|Title||Differences between low-end and high-end climate change impacts in Europe across multiple sectors|
|Author(s)||Harrison, Paula A.; Dunford, Rob W.; Holman, Ian P.; Cojocaru, George; Madsen, Marianne S.; Chen, Pei Yuan; Pedde, Simona; Sandars, Daniel|
|Source||Regional Environmental Change (2018). - ISSN 1436-3798 - 15 p.|
|Department(s)||Soil Geography and Landscape|
|Publication type||Refereed Article in a scientific journal|
|Keyword(s)||Cross-sectoral - High-end scenarios - Impacts - Modelling - Paris agreement|
The Paris Agreement established the 1.5 and 2 °C targets based on the recognition “that this would significantly reduce the risks and impacts of climate change”. We tested this assertion by comparing impacts at the regional scale between low-end (< 2 °C; RCP2.6) and high-end (> 4 °C; RCP8.5) climate change scenarios accounting for interactions across six sectors (agriculture, forestry, biodiversity, water, coasts and urban) using an integrated assessment model. Results show that there are only minor differences in most impact indicators for the 2020s time slice, but impacts are considerably greater under high-end than low-end climate change in the 2050s and 2080s. For example, for the 2080s, mitigation consistent with the Paris Agreement would reduce aggregate Europe-wide impacts on the area of intensive agriculture by 21% (on average across climate models), on the area of managed forests by 34%, on water stress by 14%, on people flooded by 10% and on biodiversity vulnerability by 16%. Including socio-economic scenarios (SSPs 1, 3, 4, 5) results in considerably greater variation in the magnitude, range and direction of change of the majority of impact indicators than climate change alone.
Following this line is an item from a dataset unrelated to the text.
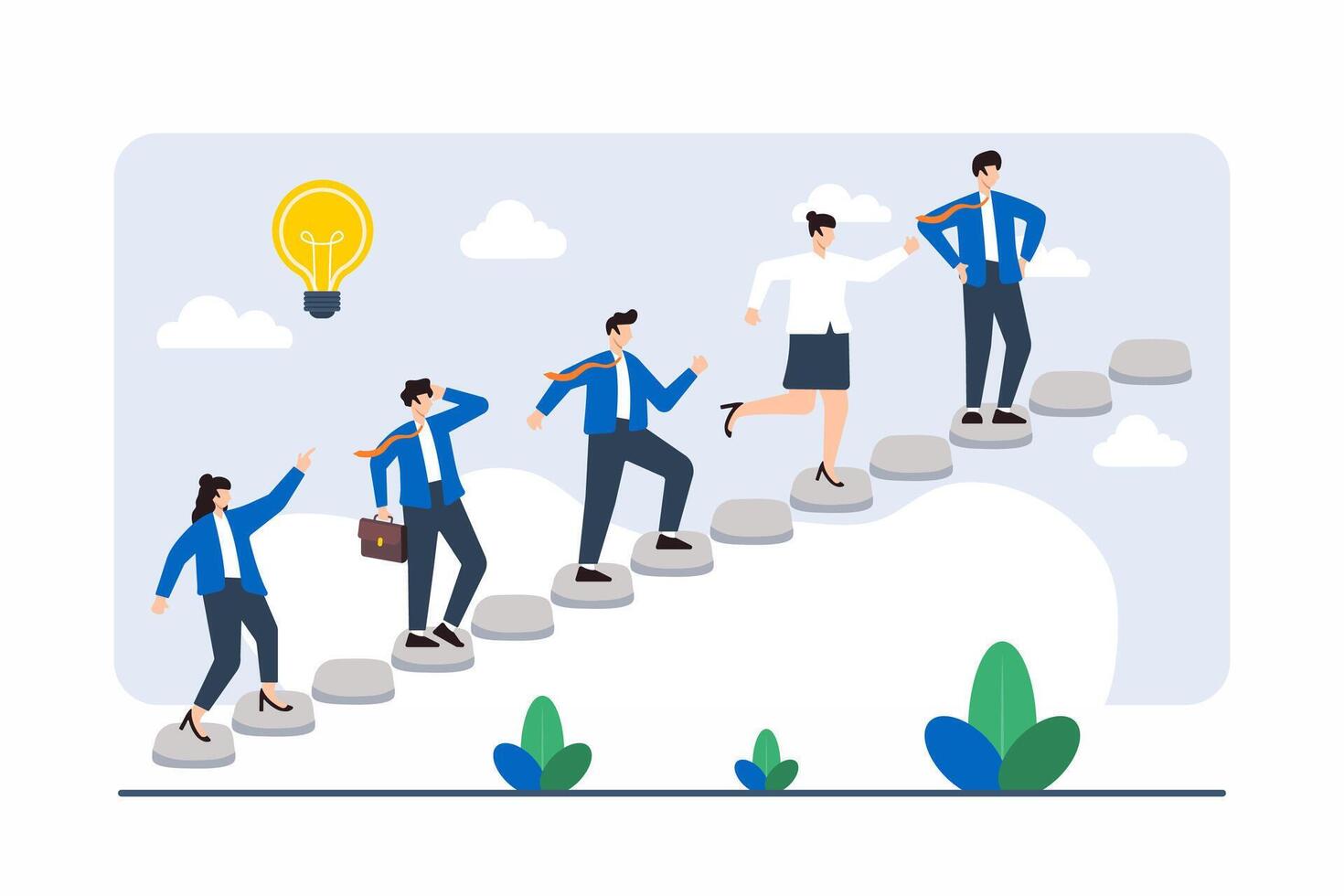 Flat illustration of team constructing path with stepping stones, symbolizing gradual progress vector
In particular, socio-economic factors much more strongly drive changes in land use and food production than changes in climate, sometimes overriding the differences due to low-end and high-end climate change. Such impacts pose significant challenges for adaptation and highlight the importance of searching for synergies between adaptation and mitigation and linking them to sustainable development goals.